You are logged on as root on a Posix system. This makes you SYSDBA by default.
Under Windows: Trusted authentication is enabled in
firebird.conf
, and you are logged on to the Windows account
that owns the database. This is possible in Firebird 2.1 and above.
Under Windows: Trusted authentication is enabled in
firebird.conf
, and you are logged on as a Windows
administrator. In Firebird 2.1, this automatically gives you
SYSDBA rights. In Firebird 2.5 and above, there is the
additional condition that AUTO ADMIN MAPPING has been set in
the database.
For clarity and brevity, the -U
and
-P
parameters are not used in the examples.
Starting with Firebird 2.5, instead of -P
<password>
you may also use -FE
<filename>
. This will cause nbackup to fetch the
password from the given file. With -FE
, the password itself
doesn't appear in the command and will thus be better shielded against people who might
otherwise pick it up via the command history, the w
command on Unix
or from a script or batchfile.
In Firebird 2.1 and up, the firing of database triggers can be prevented by
specifying the -T
option. For more information, see Suppressing database
triggers.
Starting with Firebird 2.1.4, it is possible to force direct I/O on or off by
specifying -D
on
or
-D
off
. For details and background see
Direct I/O,
elsewhere in this manual.
The different parameters (-B
, -U
etc.) may occur in any order. Of course each parameter should be immediately followed by
its own argument(s). In the case of -B
there are three of them:
backup level, database, and backup file - in that order!
If the -B
parameter comes last, you
may leave out the name of the backup file. In that case nbackup
will compose a filename based on the database name, the backup level, and the current
date and time. This can lead to a name clash (and a failed backup) if two backup
commands of the same level are issued in the same minute.

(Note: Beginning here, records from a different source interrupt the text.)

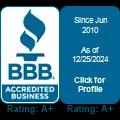 Merritt Construction Services specializes in commercial construction and development across Maryland and Virginia.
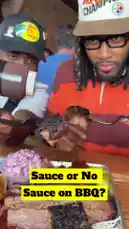 PINKERTONS BBQ HTX by @marvedtv with original sound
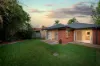 34 Vivacity Drive, Upper Coomera, Qld 4209-Image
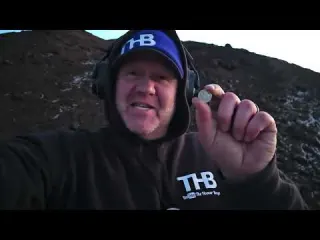 Metal Detecting an OLD Farm with Multiple Long Gone
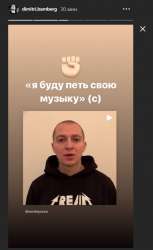 449x729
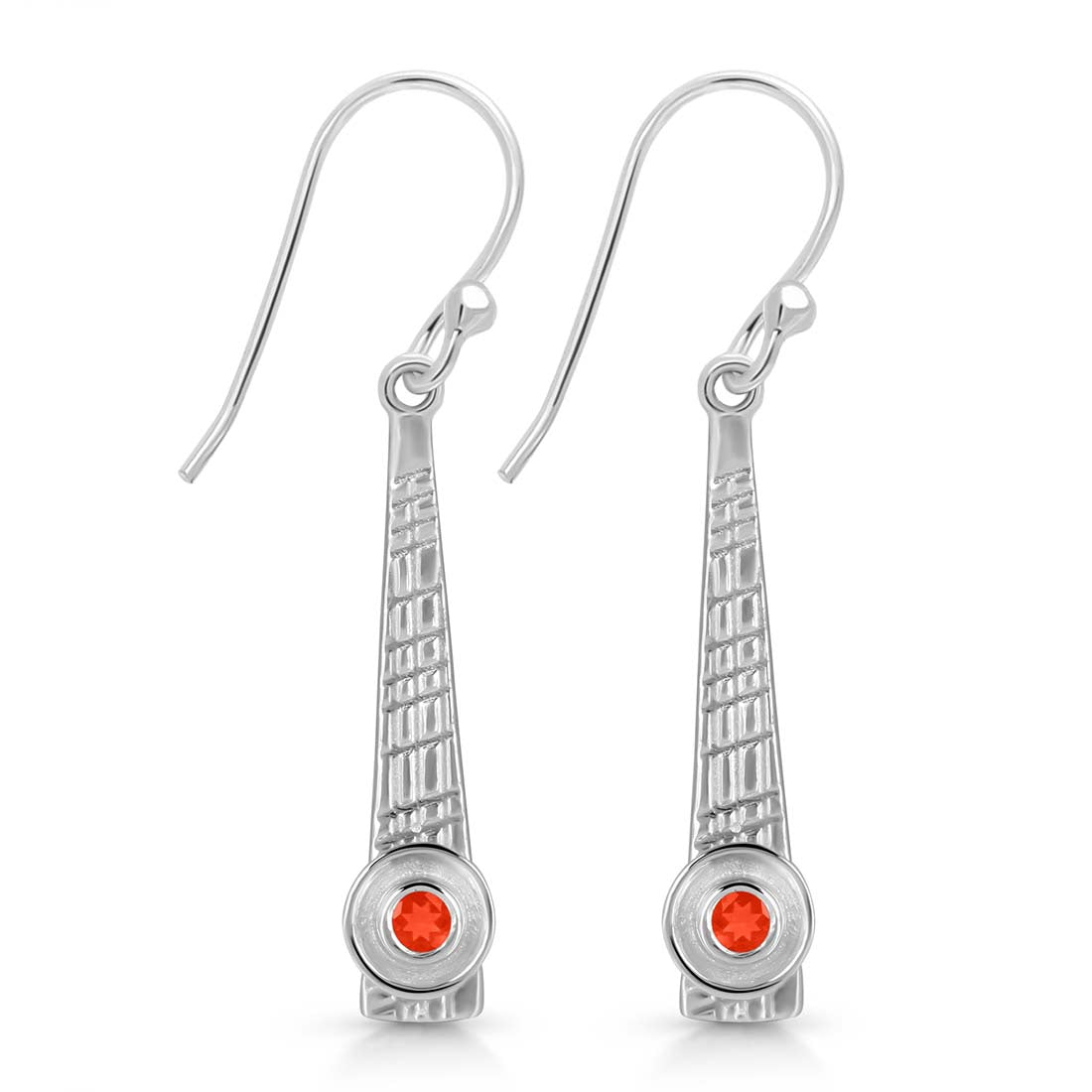 red-onyx-earring-rox-rde-650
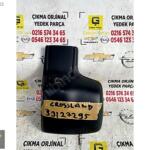 Opel Crossland Sol Dış Ayna çıkma parça - ÇALIŞIR GRUP OPEL CHEVROLET ÇIKMA YEDEK PARÇA İstanbul
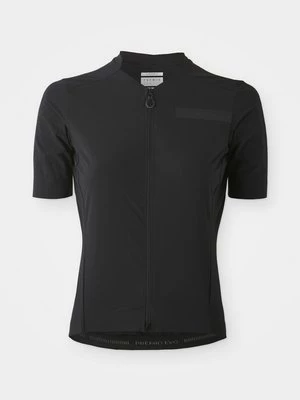 Obrázek produktu Cyklistický dres Castelli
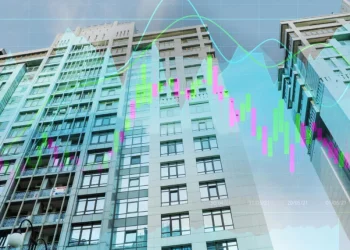 2024 Ekim Ayı Konut Satışlarının Detaylı Değerlendirmesi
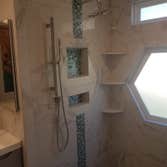 Photos by Jb Construction #1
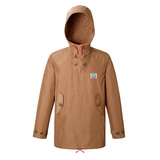 マウンテンイクイップメント(Mountain Equipment) Robin Anorak Men’s 421943 スウェット･トレーナー･パーカー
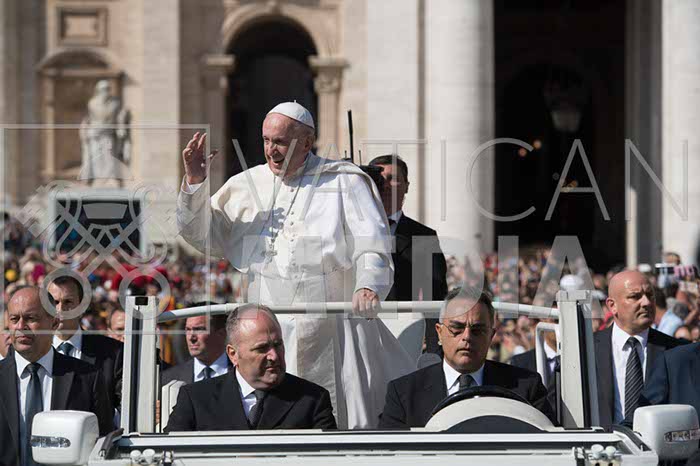 %_tempFileName04467_03102018%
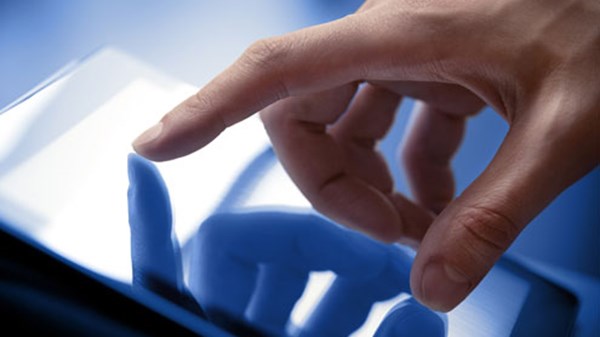 Σε τροχιά... επικράτησης τα tablets το 2014!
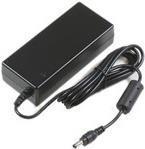 Produktbild CoreParts MBA2132 AC-Adapter (90 W)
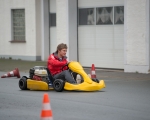 Kart-Wilbasen_33.jpg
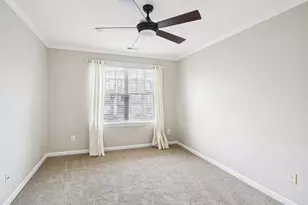 9238 Wooden Rd, Raleigh, NC 27617 - Photo 34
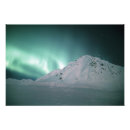 Recherche de c 17 posters Alaska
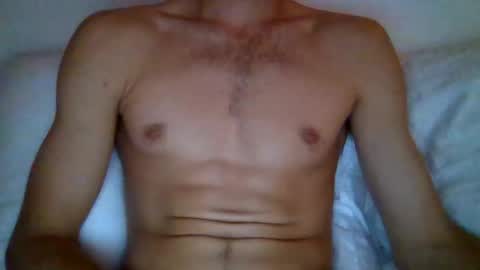 quiii1103 online show from 10/04/25, 02:31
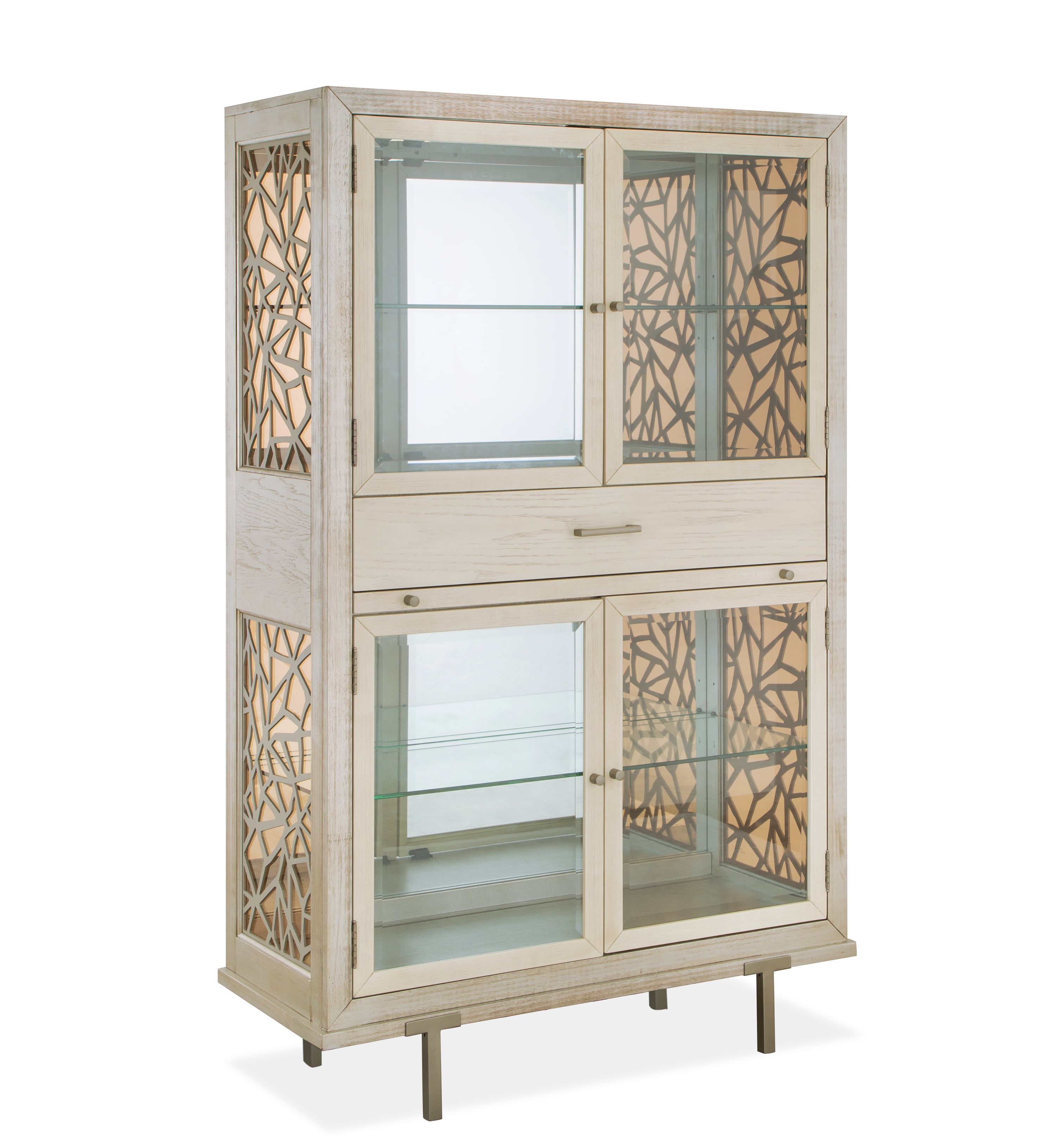 Display Cabinet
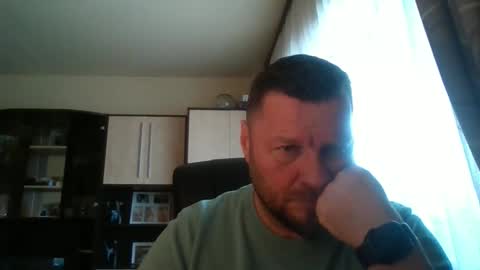 alexander35de787878 online show from 01/16/26, 09:13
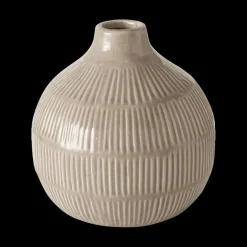 Vaas KAYEE Ker. Beige Ass.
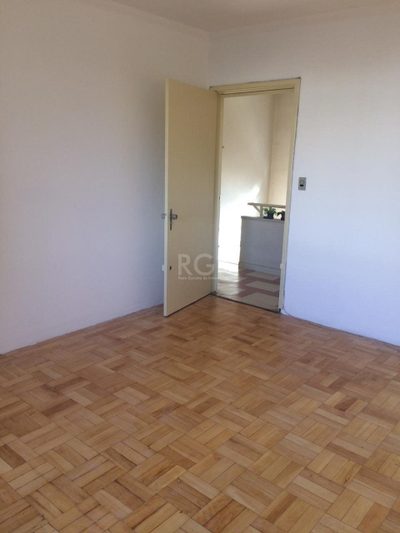 Apartamento, 2 quartos, 69 m² - Foto 1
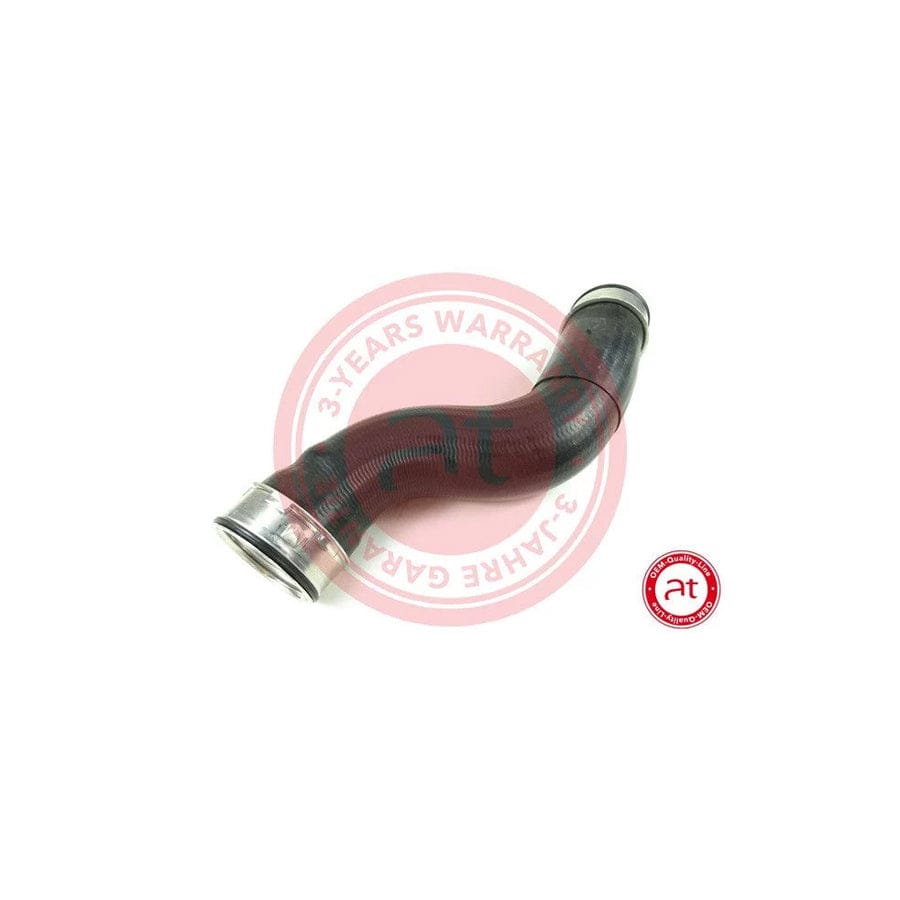 at autoteile germany At21399 Charger Intake Hose Suitable for Mercedes-Benz E-Class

Do not use nbackup for multi-file databases. This can lead to corruption and loss of data, despite the fact that nbackup will not complain about such a command.
Note: What follows here is not necessary knowledge to use nbackup. It just gives a
rough (and incomplete) impression of what happens under the hood during execution of
nbackup -B
:
First of all, the main database file is locked by changing an internal state flag. From this moment on, any and all mutations in the database are written to a temporary file - the difference file or delta file.
Then the actual backup is made. This isn't a straight file copy; restoring must be done by nbackup as well.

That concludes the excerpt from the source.